It really is a great shame that fate felled Maurice Sendak's chance of illustrating J R R Tolkien's 'The Hobbit'. Sendak's ability to create believable dreamlike worlds would, I'm sure, have added another layer of magic to Tolkien's Middle Earth. Above is one of two sample pieces that Sendak presented to Tolkien, depicting Bilbo Baggins and Gandalf shooting the breeze outside 'Bag End'. The other, now lost, was an illustration of wood-elves dancing in the moonlight.
It was 1967, Tolkien was 75, but still very much in control of his literary creations. A publishing house, I don't know which, planned a 30th-anniversary deluxe illustrated edition of 'The Hobbit' be published to celebrate. From what I have read, I suspect that Tolkien was not keen on the publisher's choice - Sendak was best known as a children's book illustrator and Tolkien was mightily prickled that many considered 'The Hobbit' to be a children's book. But I'm sure the publisher was super keen to use Sendak... he was a Caldecott medal winner and a hugely respected and extremely capable illustrator. Tolkien wanted to see Sendak's take on his characters and so asked for samples. Sendak begrudgingly produced the two samples mentioned above. Unfortunately, the editor mislabeled the wood-elves as 'hobbits'. Tolkien assumed that Sendak had written the notes on the samples and concluded that he had obviously not read the text properly and was definitely not the man for the job.

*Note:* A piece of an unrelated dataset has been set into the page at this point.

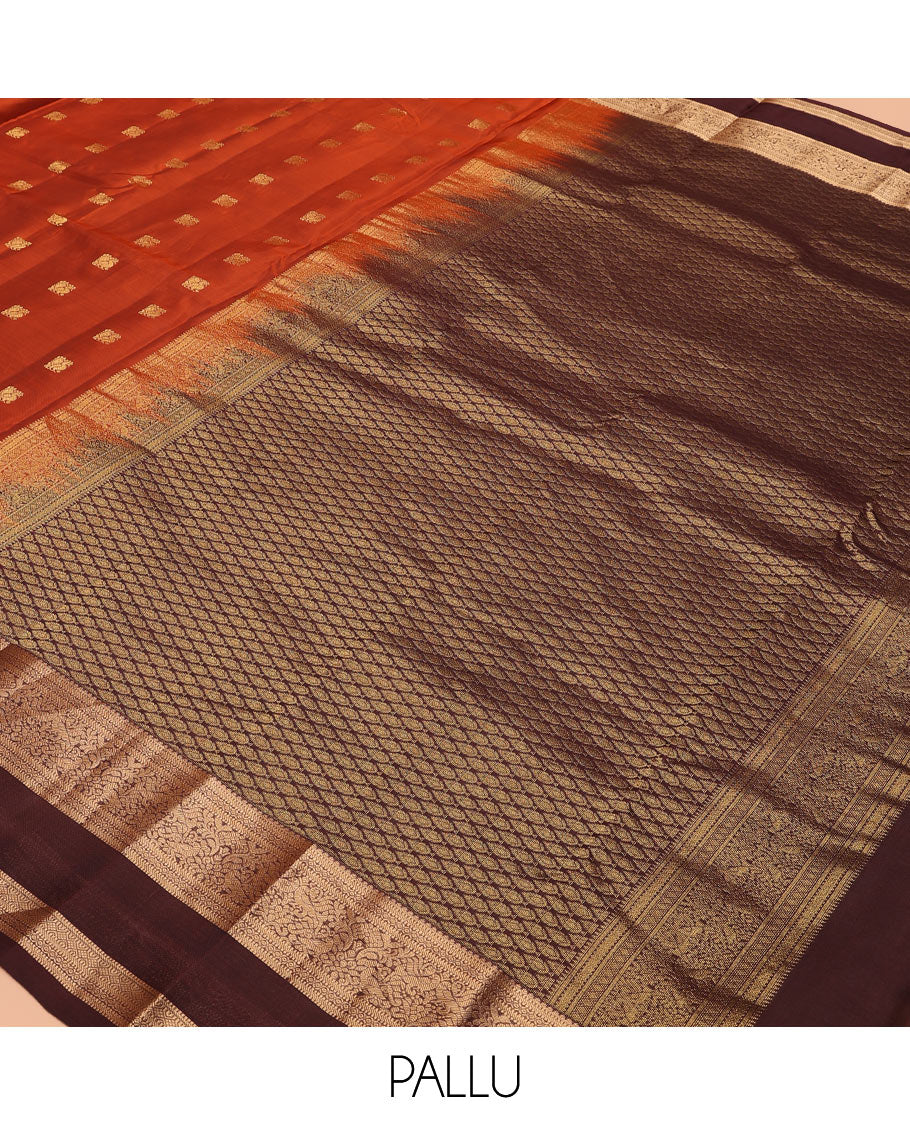 Rust Orange Vasundhara Lite-Silk Mix Saree Showcasing Mayil Buttas, Complemented with a Contrast Rettai Pettu Border Featuring Muthu, Diamond, and Mayil Designs, Adorned with Jaal Pallu, and a Contrast Blouse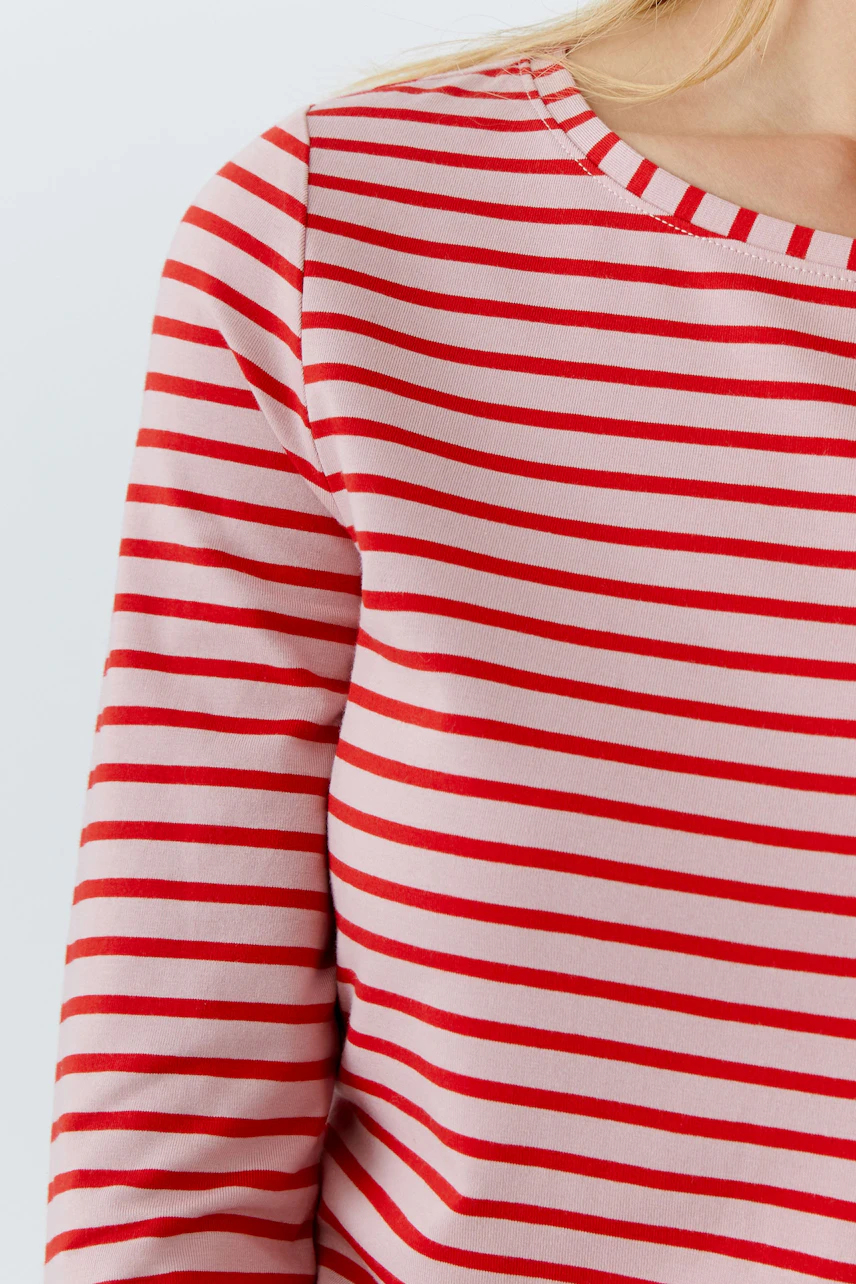 Casual long-sleeve shirt: Woman in a pink and red striped pullover, showcasing a relaxed style.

Sendak was visiting Britain for the UK release of 'Where the Wild Things Are', and so the editor arranged for the two prickled men to meet up to try to smooth out the runkled rancour. Just one day before they were to meet up in Oxford, Sendak suffered a heart attack and spent several weeks recovering in hospital. The meeting never took place and the project was abandoned :(
Maurice Bernard Sendak- June 10, 1928 – May 8, 2012) was an American illustrator and writer of children's books. He became widely known for his book Where the Wild Things Are, first published in 1963. Born to Jewish-Polish parents, his childhood was affected by the death of many of his family members during the Holocaust. Besides Where the Wild Things Are, Sendak also wrote works such as In the Night Kitchen and Outside Over There, and illustrated Little Bear.